First of all, we have no evidence that mass layoffs result in more successful organizations, whether we are talking about productivity, revenue, or stock price. In fact, the opposite appears to be true. The research does not support across-the-board layoffs as an effective response to losses in profit and market share. A short-term rise in stock price might occur, but this doesn’t last. When a company’s stock does outperform the market over a couple of months it is usually because of other factors, not simply because of a reduction in payroll.
A colleague of mine, who was having a stellar career in a company, had her director job terminated due to wholesale cuts of everyone at her level. The business processes and initiatives that were managed by directors will continue; it’s just that they will now be the responsibility of VPs who may or may not know how to manage these efforts and who are quite removed from the internal and external customers of these jobs. This company is sending its institutional knowledge and talent out the door as well as creating low morale and a survivor mentality among remaining staff, and will have a tough and expensive time recovering once the economy turns around.
Even when cuts are targeted at low performers, morale is affected. In an About.com article titled Alternatives to Layoffs, the author writes:
A company may lay off employees it considers the low end producers, but in doing so it creates a climate of personnel uncertainty. That uncertainty causes others to leave. The first people to leave due to uncertainty in the company are the best people, because they can always get another job somewhere else. The climate of uncertainty that follows a layoff, therefore, always guarantees a reduction in the quality of the staff, not just the quantity.
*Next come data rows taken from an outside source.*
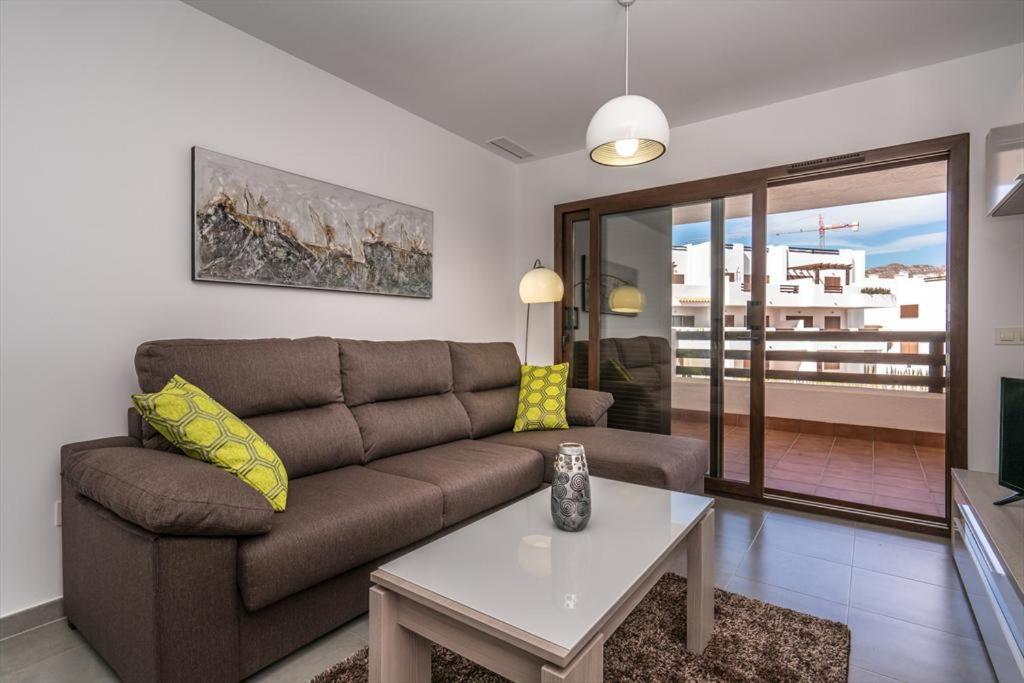 Maestro Apartment San Juan De Los Terreros Luaran gambar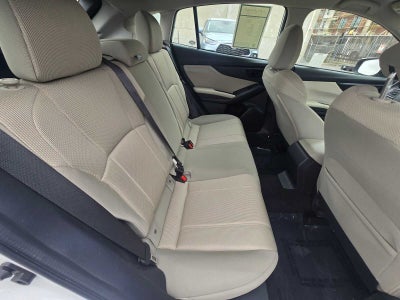 2021 Subaru Impreza 5-door CVT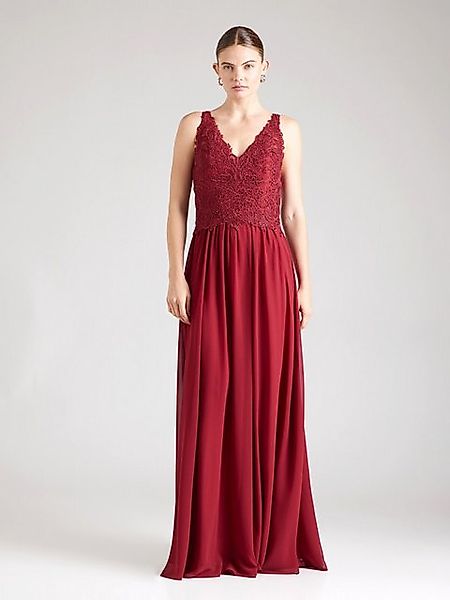 mascara Abendkleid (1-tlg) Drapiert/gerafft günstig online kaufen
It’s easy for an executive, several layers removed from the people being forced out, to make the job-cut decision. And I can appreciate how tempting it is (having done it myself, in a small business) to cut people from the payroll in order to stop the bleeding as quickly as possible. But this is usually a case of slower is faster. Companies need to look at all other ways to cut costs before removing the knowledge and talent that they need to get back on the right track and to stay there.